The most prominent writeup for this topic is a TrueNAS forums post called "ECC vs non-ECC RAM and ZFS" [1]. The author claims that bad non-ECC RAM will cause an explosion of corrupted files in ZFS systems, much much worse than what could happen on non-ZFS ones.

The post is 8 years old, but the problem still seems relevant today, as just 20 days ago I saw an HN user commenting about how they suffered a similar issue [2].

On the other hand, I've seen comments pointing out that ZFS without ECC RAM is not as bad as it has been implied [3]. Some commenter links to a couple places in HN ([4], [5]) where they debunk the logic behind the corruption scenario given in [1].

I guess a fair question would be: What do you want from your NAS?. What I want is to have a relatively unnattended NAS that I can use for weeks or months as my computer's backup, without it silently corrupting my backup files. If a bad non-ECC RAM stick can cause whole file system corruption during a ZSF scrub, I might prefer running Ext4 with something like hashdeep [6], so I can detect the issue, change the bad RAM, and upload fresh backups to the box.

Comments and anecdotes are appreciated!

[1]: https://www.truenas.com/community/threads/ecc-vs-non-ecc-ram-and-zfs.15449/ (Under What happens when non-ECC RAM goes bad in a ZFS system?)

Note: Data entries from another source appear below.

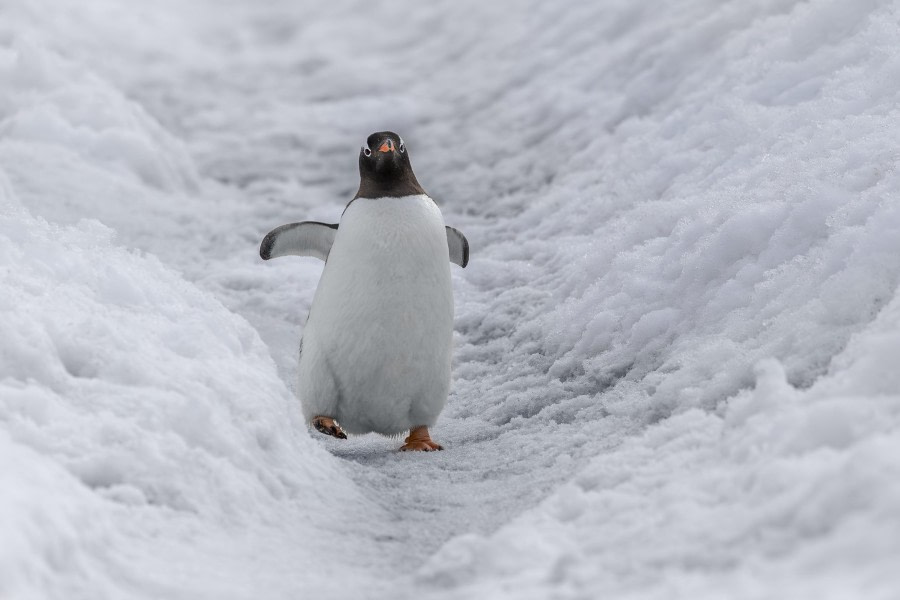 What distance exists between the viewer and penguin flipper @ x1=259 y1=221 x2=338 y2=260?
519 centimetres

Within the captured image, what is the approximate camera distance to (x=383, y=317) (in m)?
4.43

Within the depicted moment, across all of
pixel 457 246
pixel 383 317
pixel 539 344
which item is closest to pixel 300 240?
pixel 457 246

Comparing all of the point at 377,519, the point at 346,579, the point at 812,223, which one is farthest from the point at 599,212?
the point at 346,579

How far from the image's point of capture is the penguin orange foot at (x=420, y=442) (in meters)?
4.38

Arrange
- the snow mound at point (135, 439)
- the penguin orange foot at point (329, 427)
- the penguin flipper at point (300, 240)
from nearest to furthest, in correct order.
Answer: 1. the snow mound at point (135, 439)
2. the penguin orange foot at point (329, 427)
3. the penguin flipper at point (300, 240)

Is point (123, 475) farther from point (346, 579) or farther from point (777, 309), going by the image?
point (777, 309)

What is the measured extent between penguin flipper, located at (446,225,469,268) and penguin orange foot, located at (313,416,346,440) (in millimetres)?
1147

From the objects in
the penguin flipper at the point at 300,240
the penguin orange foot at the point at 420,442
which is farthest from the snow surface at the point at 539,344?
the penguin flipper at the point at 300,240

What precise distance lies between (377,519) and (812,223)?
2010 mm

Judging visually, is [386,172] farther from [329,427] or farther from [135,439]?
[135,439]

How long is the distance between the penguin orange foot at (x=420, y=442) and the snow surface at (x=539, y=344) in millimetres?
128

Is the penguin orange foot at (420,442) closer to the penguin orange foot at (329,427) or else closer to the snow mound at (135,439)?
the penguin orange foot at (329,427)

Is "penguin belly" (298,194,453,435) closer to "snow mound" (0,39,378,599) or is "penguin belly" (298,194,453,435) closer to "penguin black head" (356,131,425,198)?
"penguin black head" (356,131,425,198)

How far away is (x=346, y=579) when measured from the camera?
254 centimetres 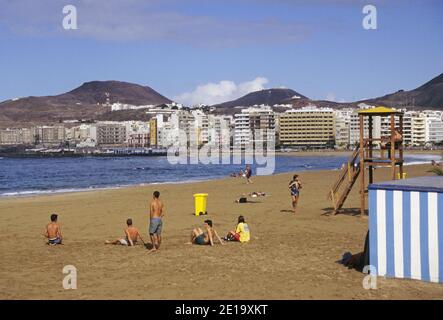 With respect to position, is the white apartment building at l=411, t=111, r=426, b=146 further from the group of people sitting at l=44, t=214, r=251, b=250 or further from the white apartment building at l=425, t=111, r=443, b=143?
the group of people sitting at l=44, t=214, r=251, b=250

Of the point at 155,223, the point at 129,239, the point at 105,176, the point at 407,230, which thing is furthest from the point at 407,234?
the point at 105,176

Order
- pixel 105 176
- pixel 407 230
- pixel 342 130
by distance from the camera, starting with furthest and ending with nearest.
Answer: pixel 342 130, pixel 105 176, pixel 407 230

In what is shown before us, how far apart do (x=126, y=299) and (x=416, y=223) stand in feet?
14.5

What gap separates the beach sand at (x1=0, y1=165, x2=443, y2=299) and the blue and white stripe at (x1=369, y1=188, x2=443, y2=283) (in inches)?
9.8

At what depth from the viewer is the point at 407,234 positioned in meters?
9.02

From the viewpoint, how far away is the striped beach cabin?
8805 millimetres

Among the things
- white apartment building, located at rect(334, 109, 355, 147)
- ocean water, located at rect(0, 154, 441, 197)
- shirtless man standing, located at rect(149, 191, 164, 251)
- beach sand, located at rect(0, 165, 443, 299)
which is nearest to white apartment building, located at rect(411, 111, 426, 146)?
white apartment building, located at rect(334, 109, 355, 147)

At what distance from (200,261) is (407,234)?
12.9 ft

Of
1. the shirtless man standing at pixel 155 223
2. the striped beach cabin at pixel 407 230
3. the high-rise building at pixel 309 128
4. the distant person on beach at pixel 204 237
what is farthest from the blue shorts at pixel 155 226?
the high-rise building at pixel 309 128

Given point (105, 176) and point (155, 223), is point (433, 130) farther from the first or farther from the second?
point (155, 223)

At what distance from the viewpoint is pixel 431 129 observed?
181250 mm

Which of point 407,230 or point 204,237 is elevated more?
point 407,230

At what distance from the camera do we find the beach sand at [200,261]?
28.6 feet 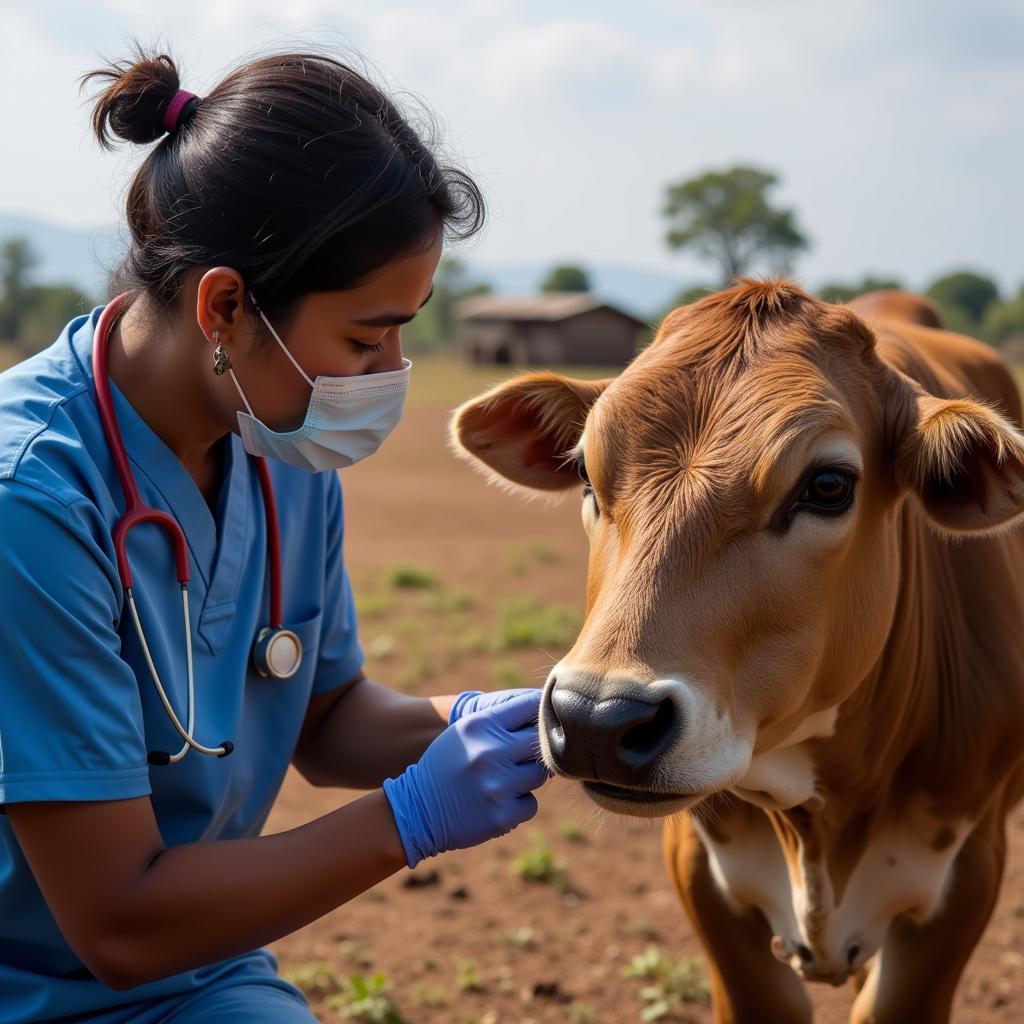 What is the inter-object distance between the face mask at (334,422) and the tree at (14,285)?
5100 cm

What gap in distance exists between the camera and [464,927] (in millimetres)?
4418

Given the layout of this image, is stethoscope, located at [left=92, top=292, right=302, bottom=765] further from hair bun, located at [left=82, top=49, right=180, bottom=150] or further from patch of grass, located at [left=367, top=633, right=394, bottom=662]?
patch of grass, located at [left=367, top=633, right=394, bottom=662]

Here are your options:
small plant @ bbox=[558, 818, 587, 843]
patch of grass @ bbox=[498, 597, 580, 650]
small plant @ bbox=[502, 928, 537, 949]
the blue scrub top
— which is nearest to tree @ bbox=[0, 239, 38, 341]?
patch of grass @ bbox=[498, 597, 580, 650]

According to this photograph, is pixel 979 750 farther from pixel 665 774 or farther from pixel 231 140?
pixel 231 140

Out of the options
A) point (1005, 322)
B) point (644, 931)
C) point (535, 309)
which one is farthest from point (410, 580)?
point (1005, 322)

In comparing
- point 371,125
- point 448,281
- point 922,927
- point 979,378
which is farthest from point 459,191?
point 448,281

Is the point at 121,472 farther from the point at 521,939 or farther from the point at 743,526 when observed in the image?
the point at 521,939

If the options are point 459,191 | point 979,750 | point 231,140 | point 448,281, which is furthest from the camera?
point 448,281

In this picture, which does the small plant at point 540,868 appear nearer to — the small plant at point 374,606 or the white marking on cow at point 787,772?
the white marking on cow at point 787,772

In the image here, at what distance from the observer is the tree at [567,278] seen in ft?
215

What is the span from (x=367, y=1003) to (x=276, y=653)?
4.90ft

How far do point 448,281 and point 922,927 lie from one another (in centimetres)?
6631

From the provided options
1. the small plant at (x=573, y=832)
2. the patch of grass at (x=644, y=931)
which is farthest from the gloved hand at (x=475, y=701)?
the small plant at (x=573, y=832)

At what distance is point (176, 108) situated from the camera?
8.51 ft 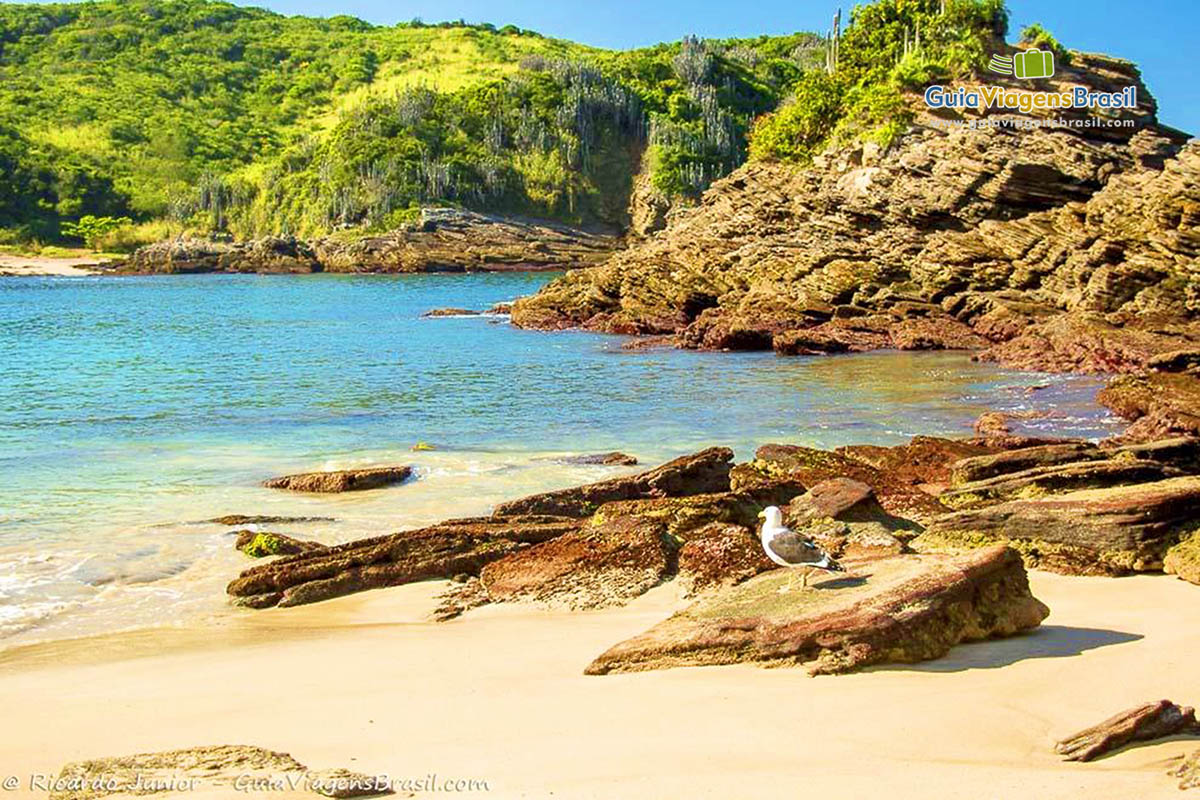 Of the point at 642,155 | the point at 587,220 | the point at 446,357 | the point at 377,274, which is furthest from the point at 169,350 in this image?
the point at 642,155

[2]: https://news.ycombinator.com/item?id=29492980

[3]: https://news.ycombinator.com/item?id=27553356

[4]: https://news.ycombinator.com/item?id=8293025

[5]: https://news.ycombinator.com/item?id=14207520

[6]: http://md5deep.sourceforge.net/


  👤 j1elo Accepted Answer ✓
Links from the question: (I didn't realize they wouldn't render as clickable links in the question text)

[1]: https://www.truenas.com/community/threads/ecc-vs-non-ecc-ram... (Under "What happens when non-ECC RAM goes bad in a ZFS system?")

[2]: https://news.ycombinator.com/item?id=29492980

[3]: https://news.ycombinator.com/item?id=27553356

[4]: https://news.ycombinator.com/item?id=8293025

[5]: https://news.ycombinator.com/item?id=14207520

[6]: http://md5deep.sourceforge.net/


👤 wmf
The example from [1] is misleading because it assumes that multiple ECC errors will hit the same block, which is unlikely in practice. It also assumes that the alternative to ZFS is hardware RAID which might have applied to servers ten years ago but is not the case now.